→ Assigned task:
Using the data that follows, give again word for word the lines between the one holding "XRT spectrum of GRB 070509" and the one holding "AnneFreund's tweet image.", inclusive. Omit the pictures.

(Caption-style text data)
:::::

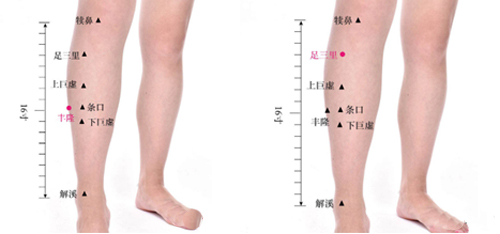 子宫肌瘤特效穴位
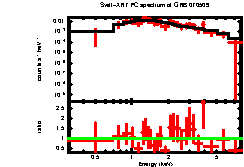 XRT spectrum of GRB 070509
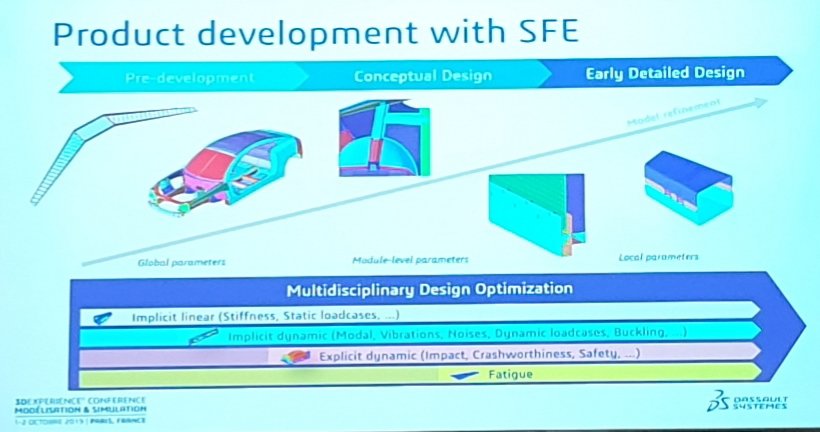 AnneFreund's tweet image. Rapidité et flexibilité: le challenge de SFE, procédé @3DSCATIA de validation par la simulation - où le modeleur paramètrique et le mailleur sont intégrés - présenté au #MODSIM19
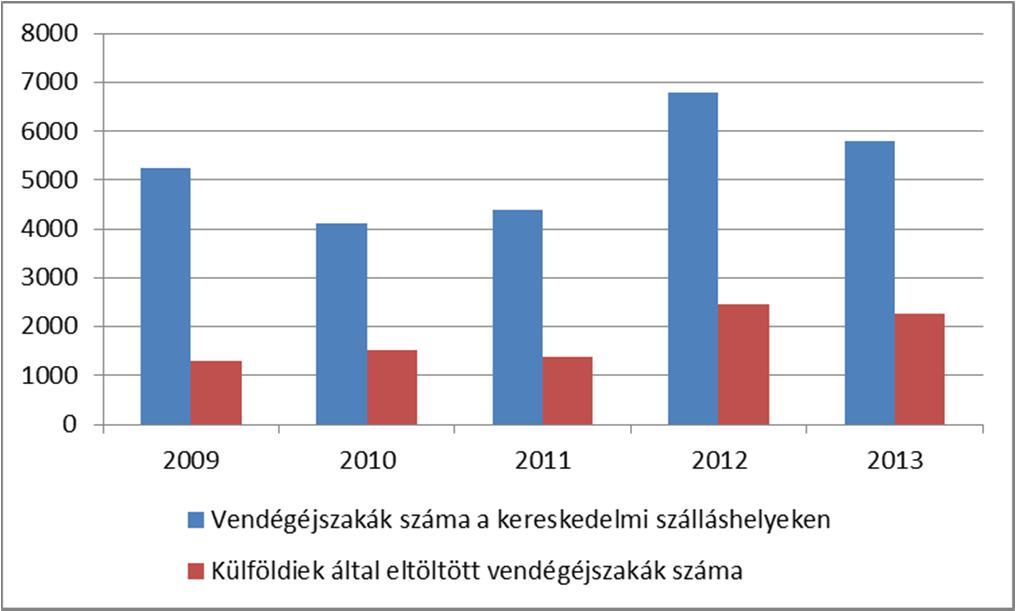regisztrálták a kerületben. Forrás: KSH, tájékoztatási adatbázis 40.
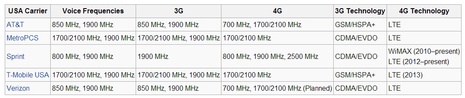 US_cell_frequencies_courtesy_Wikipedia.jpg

:::::

→ Response to this task:
 XRT spectrum of GRB 070509
 AnneFreund's tweet image. Rapidité et flexibilité: le challenge de SFE, procédé @3DSCATIA de validation par la simulation - où le modeleur paramètrique et le mailleur sont intégrés - présenté au #MODSIM19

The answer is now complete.